Some background: Exh is DS#1 father. I was his 2nd marriage, he was my 1st. He had 2 children from a previous marriage. He was horrible about paying his support unless it was garnished or I paid it.
We got divorced, I remarried. He has never paid me any
CS. Not a dime. I filed once, he threatened me, I withdrew. I may change my mind at some point, but the minimal amt of support he would be ordered to pay to DS may not be worth the fight. My DH supports DS#1, and DS#1 paternal grandparents have remained a significant part of his life, and have bought him clothes, food, and have taken him traveling.
I just had my 2nd DS.
My exh girlfriend has just had a baby as well, so this is child #4 for exh.
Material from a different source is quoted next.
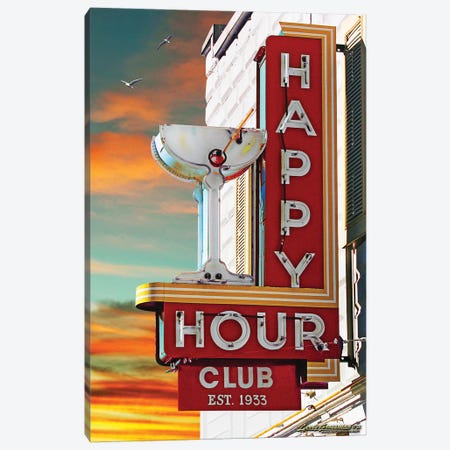 Happy Hour Club Canvas Print #LRG71} by Larry Grossman Canvas Art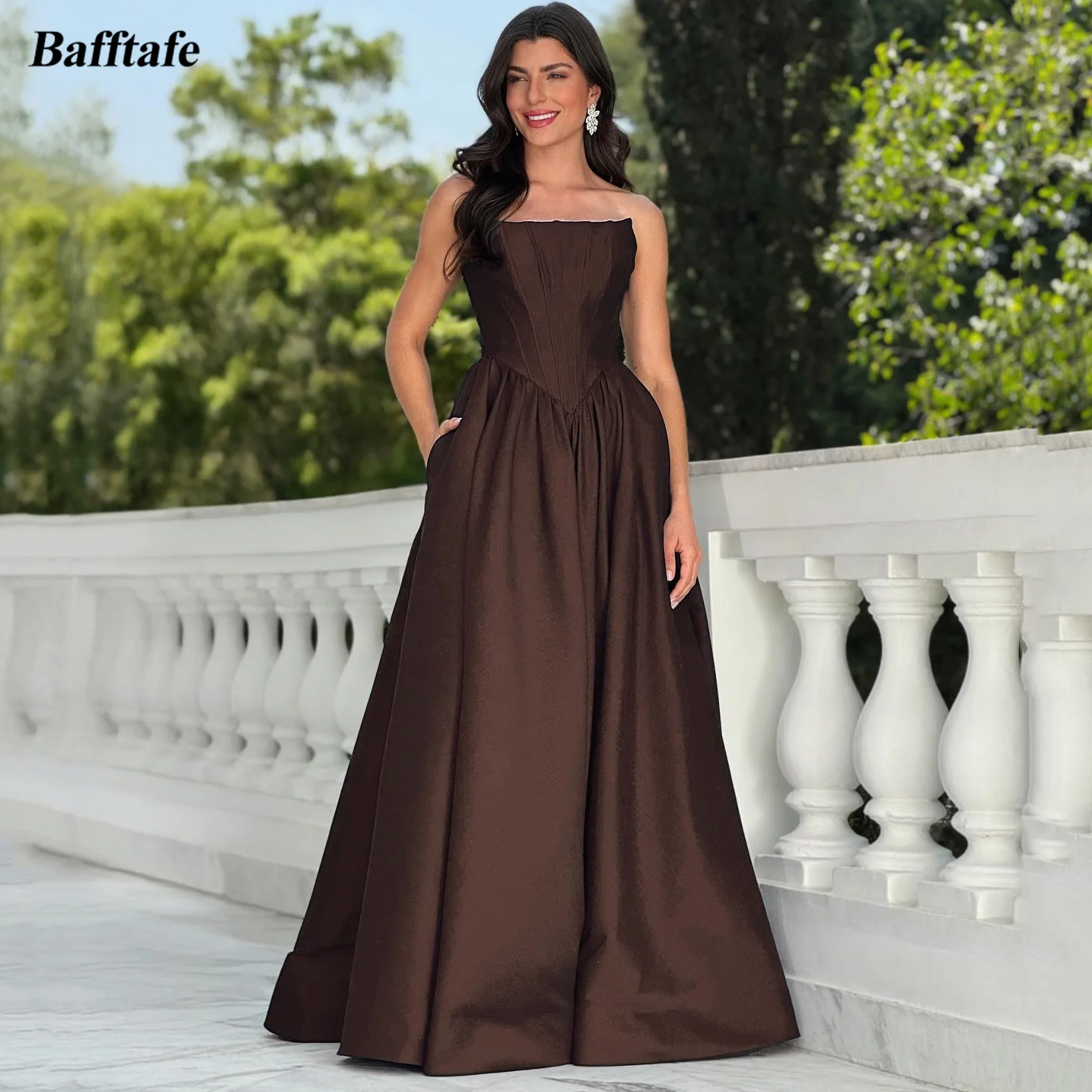 

Bafftafe Коричневые атласные вечерние платья трапециевидной формы, женские платья для выпускного вечера без бретелек по индивидуальному заказу, платье подружки невесты для особых случаев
So, just for fun, let's pretend exh was paying CS to both of his ex-wive's. (Ex wife #1 and me.) Let's say his total CS obligation was $100/month. So, if the court decided all of his children are "equal", then 1st wife is getting $67 and I'm getting $33. (I'm just picking easy numbers, because I'm lazy. I know this isn't realistic. Hell, I'd fall over from shock if exh gave me $33! lol) Now, if he went back to court and said, "Look, I have another baby I need to support," and they decided he could still only afford $100, the court may say, "Ok, $50 to wife #1, and $25 to wife #2, and the other $25 to help support your new ds." If that happened, I would totally be ok with that because I believe that none of his children with three different women are more important than any of his other children.
There are many factors that affect my opinion, such as I know exh makes almost no $ (so it's not like he's living it up on his yacht while I struggle), and new DH and I are doing ok, although it would be great even to have that extra "$33" to go towards DS college savings, or new shoes, or whatever. Also, if I did get support (hahahaha, sorry, can't help it) and it was cut, it wouldn't affect me that bad, whereas I know his 1st ex-wife would really struggle more.
So, what's the point of this story? Just that it's all about the children. If exh had 4 children with 1 woman, and he could only use $100 a month to support them, then I think they should each receive their share. Having the children with different women shouldn't change that. Should he have had that many children he couldn't afford? Probably not, but they are all here, and there is no return policy.
This is just how I feel, and I know other people may not agree. I'm also well aware that there are about a million other factors that play into child support numbers, like amount of visitation and the mother's income, but I just wanted to make it simple to get my feelings across.
To the OP: It's great things are amicable. Don't let him use that against you. Your choice to stay home or his choice to remarry is not material to the obligation he has to his child. Just be matter-of-fact and let him know what his obligation should be to his child. It's not a favor. Just talk to him, and don't even bring up you staying home or his new marriage. It's just, "Hey, let's go through these numbers again."
Good luck and I hope it works out for you!